İnsanlar yıllardır ses çıkarmadan yaşadıkları otoriter rejimlere başkaldırmış ve baharlar yaşanmasına neden olmuşlar deniyor. Yani halk kendi iradesiyle özgürlük ve demokrasi istemektedir. Bu istek dalga dalga yayılıyor ve bir bölgeyi kaplıyor. Ben bunun da halkın talebi olmadığını, siyasete yön veren güçlerin halkı yönlendirdiğini düşünüyorum. Şöyle bir benzetme yapıyorum: “Halk dağ gibidir ve onun sesi yoktur. Duyduğunuz sesler sizin sesinizin akisleridir.” Halka yön veren medya egemen ekonomik ve siyasi güç tarafından belirlenir. İşe yaramayan sesler yer bulamaz ama iyi sesler çok öne çıkar. Bu nedenle demokrasinin halkın düşünceleri değil tercihleri olduğunu düşünüyorum ve bunu yanlış bulmuyorum. Dünyadaki olaylar kolay anlaşılabilir değildir ve anlaşılması çok güçtür. Onun için yöneten güçler halka kendi tercihlerini kabul ettirmek için mükemmel bir sistem kurmuştur. Yani Arap Baharından halkın istekleri değil o güne kadar bölgeyi yöneten gücün yerini alan yeni gücün istekleri çıkacaktır.

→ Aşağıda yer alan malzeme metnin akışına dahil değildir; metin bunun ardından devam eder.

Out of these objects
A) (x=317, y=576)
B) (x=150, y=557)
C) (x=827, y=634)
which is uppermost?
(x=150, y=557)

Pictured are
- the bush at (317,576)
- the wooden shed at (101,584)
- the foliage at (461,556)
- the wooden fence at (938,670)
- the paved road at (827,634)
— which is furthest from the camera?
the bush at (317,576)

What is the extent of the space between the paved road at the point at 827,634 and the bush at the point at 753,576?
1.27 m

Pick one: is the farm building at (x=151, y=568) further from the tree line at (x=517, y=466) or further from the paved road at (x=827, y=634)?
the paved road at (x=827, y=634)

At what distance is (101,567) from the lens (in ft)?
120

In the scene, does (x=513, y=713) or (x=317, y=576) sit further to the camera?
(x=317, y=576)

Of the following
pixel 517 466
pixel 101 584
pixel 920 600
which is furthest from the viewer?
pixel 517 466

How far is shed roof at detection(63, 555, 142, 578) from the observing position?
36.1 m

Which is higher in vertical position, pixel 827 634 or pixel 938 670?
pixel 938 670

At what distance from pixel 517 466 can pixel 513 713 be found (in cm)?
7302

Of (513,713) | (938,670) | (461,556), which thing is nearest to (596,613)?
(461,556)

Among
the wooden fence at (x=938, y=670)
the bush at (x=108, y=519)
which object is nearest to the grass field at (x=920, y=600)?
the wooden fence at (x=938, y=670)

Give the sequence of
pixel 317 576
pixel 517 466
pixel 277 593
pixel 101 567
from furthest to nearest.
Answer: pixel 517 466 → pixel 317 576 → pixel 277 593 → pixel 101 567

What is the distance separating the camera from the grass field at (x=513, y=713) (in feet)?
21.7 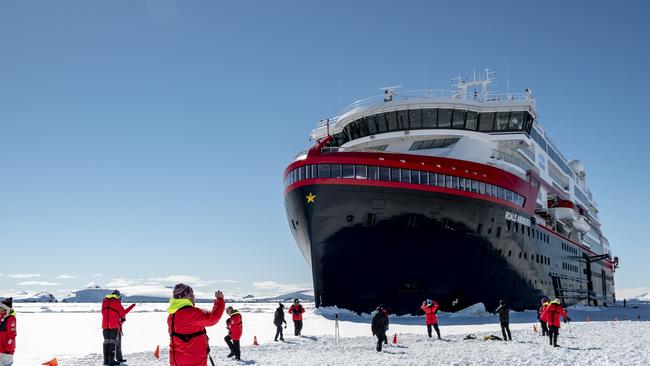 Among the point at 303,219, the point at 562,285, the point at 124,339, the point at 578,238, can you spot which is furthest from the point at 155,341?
the point at 578,238

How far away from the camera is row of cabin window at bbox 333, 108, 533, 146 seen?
99.3ft

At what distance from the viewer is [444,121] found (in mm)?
30297

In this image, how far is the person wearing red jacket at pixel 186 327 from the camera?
5680 mm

Peki Türkiye sınırlarını ufuk çizgisü olarak benimseyenler. Bu çizginin ötesini göremeyenler... Bunların, Türkiye de birliği savunmanın gerçekte ayrı kalmayı savunmak anlamına geldiğini, Çerkeslerin bütünleşmesine karşı çıktıklarını anlamazdan gelmelerine ne demeli. Anavatan ve diğer diaspora ülkelerindeki Çerkesler dışlanmıyor ise eğer, tüm Çerkeslerin Türkiye’ye toplamayı, Türkiye’de bütünleşmeyi mi savunmaktadırlar yoksa?

Tartışmalarda bilimsellik mi? Hak getire... Bilimden, bilimsel olandan bulaşıcı hastalıktan kaçar gibi kaçarlar. Bilimsel olduklarında dönüşçü olacaklardır çünkü... Dönüşü anlamaktan da korkarlar, çünkü anladıklarında “dönüşün” tek çözüm yolu olduğunu kabul etmek zorunda kalacaklardır. Eğer kimilerine göre, “tek yol devrim” değilse hala?...

Peki şu “yürü” dendiğinde yürüyüp “dur” dendiğinde zınk diye duranlar... Onlar da kendilerine göre tarihte ilkleri oynamıyorlar mı? Anadilin korunup geliştilmesi olanaklarının yönetimce sunulduğu bir ülkede, sunulan olanakları yeterince değerlendirme çabası içinde olmayanların “Anadili onurum, savaşarak korurum”u, gür sandıkları cılız bir sesle seslendirmeleri akıllıca olabilir mi? Örneğin bilim, dünya dünya olalı beri her çağda dünya güçlerinin dünyaya düzen verdiklerini, planladıkları düzeni kurmak için bölge halklarını savaştırdıklarını kanıtlamıyor mu? Bir günlük bilemediniz bir haftalık haber analiz programlarını izleyen anlamaktan kokmayan her aklıselim bunu anlamaz mı?

Günümüzde Yakın Dğu’da bu dolapları çevirenler gelecekte Arapların başarısızlıklarının nedeninin, anlaşamamaları olduğunu Arapların kendilerine yazdırmayacaklar mıdır? Arapların ne denli cahil olduklarını örneklemeyecekler midir? Günümüzde “Çerkesler anlaşabilseydi Rusya’ya direnebilirlerdi” denmiyor mu? Güya dini kaygılarla ve kendi istekleri ile autokhton halkı oldukları toprakları terk etmemişler mi?
Peki bağımsızlığın neyin ya da nerenin bağımsızlığı olduğunu, demokrasinin neresi için istendiğini, nereyi ya da kimleri özgür kılacaklarını, kimleri birleştireceklerini bir türlü açıklamayan Jineps grubunun gelecek kurguları olduğu söylenebilir mi?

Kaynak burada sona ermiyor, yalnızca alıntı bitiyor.